Reduces a semi-lazy sequence, which is generated in parallel.

(reduce + (r/map (partial * 2) (range 10000)))

Reduces a single lazy sequence with a single reducing function constructed by combining + with (partial * 2).

(r/fold + (r/map (partial * 2) (into [] (range 10000))))

Generates the entirety of the range first and then reduces that in parallel by creating a tree of reduce and combine operations.

In an imperative language like Java, the order in which things happen is tightly bound to the order in which statements appear in the source code. The compiler and runtime can move things around somewhat (something we have to be careful of when using threads and locks, as we saw inMysterious Memory), but broadly speaking things happen in the same order as we write them down.

Functional languages have a much more declarative feel. Instead of writing a set of instructions for how to perform an operation, a functional program is more a statement of what the result should be. How the various calculations are ordered to achieve that result is much more fluid—this freedom to reorder calculations is what allows functional code to be parallelized so easily.

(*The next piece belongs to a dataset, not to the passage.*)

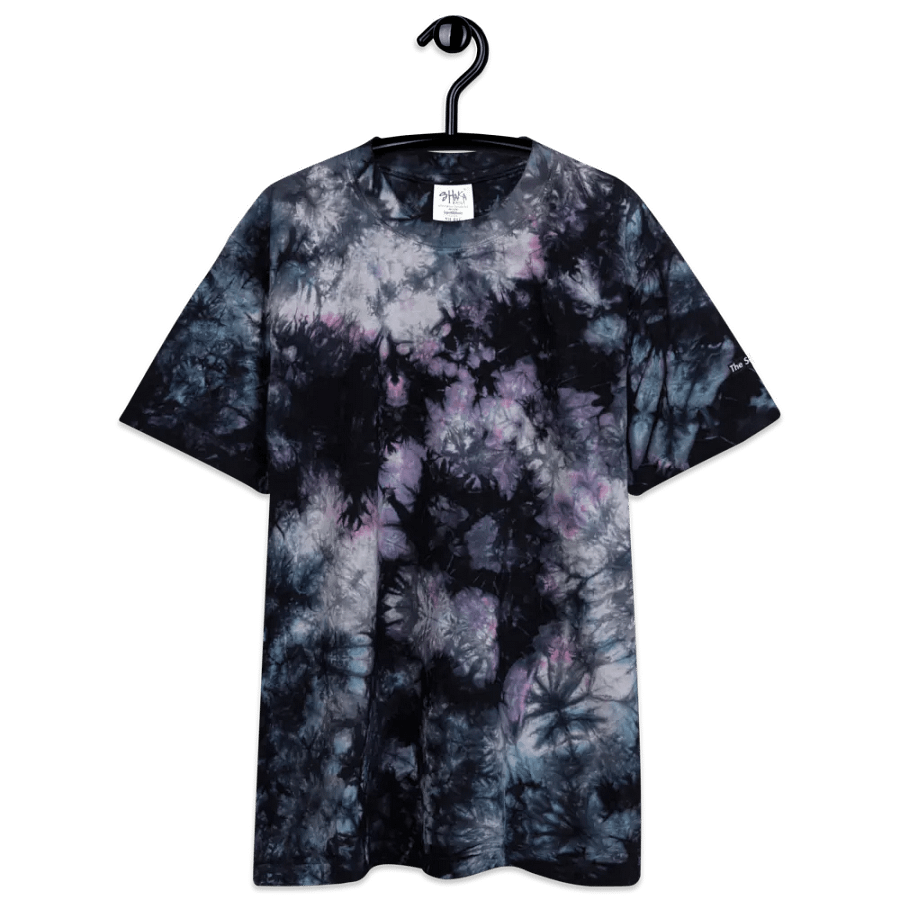 Mind Melt product image (12)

In the next section we’ll see why functional languages can play these kinds of games with evaluation order and why imperative languages cannot.

Referential Transparency

Pure functions are referentially transparent—anywhere an invocation of the function appears, we can replace it with its result without changing the behavior of the program. Look at this example:

(+ 1 (+ 2 3))

This is exactly equivalent to the following:

(+ 1 5)

Indeed, one way to think about what executing functional code means is to think of it as repeatedly replacing function invocations with their results until you reach the final result. For example, we could evaluate (+ (+ 1 2) (+ 3 4)) like this:

(+ (+ 1 2) (+ 3 4)) → (+ (+ 1 2) 7) → (+ 3 7) → 10

Or like this:

(+ (+ 1 2) (+ 3 4)) → (+ 3 (+ 3 4)) → (+ 3 7) → 10

Of course, the same is true for the + operator in Java, but in a functional program every function is referentially transparent. It is this fact that enables us to safely make the radical changes to evaluation order we’ve seen so far.

Joe asks:

Joe asks:

But Isn’t Clojure Impure?

As we’ll see in the next chapter, Clojure is an impure functional language—it is possible to write functions with side effects in Clojure, and any such functions will not be referentially transparent.

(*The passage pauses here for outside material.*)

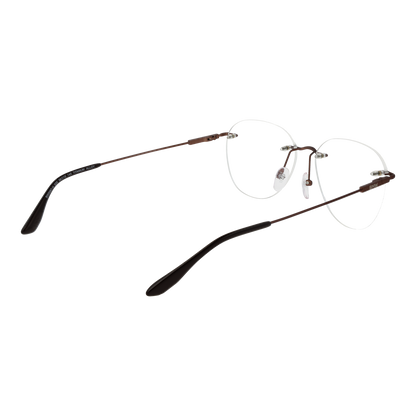 BMW Optical Frame BW5067-H 035 56 Titanium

This turns out to make little difference in practice because side effects are both very rare in idiomatic Clojure code and obvious when they do exist. There are a few simple rules about where side effects can safely appear, and as long as you follow those rules you’re unlikely to hit problems with evaluation order.

Dataflow

It’s interesting to think about how data flows between functions. Here is a graph of the data flows within (+ (+ 1 2) (+ 3 4)):

images/DataFlow

There are no dependencies between (+ 1 2) and (+ 3 4), so these two evaluations could theoretically happen in any order, including concurrently with each other. The final addition, however, can’t take place until the results of both the subcalculations are available.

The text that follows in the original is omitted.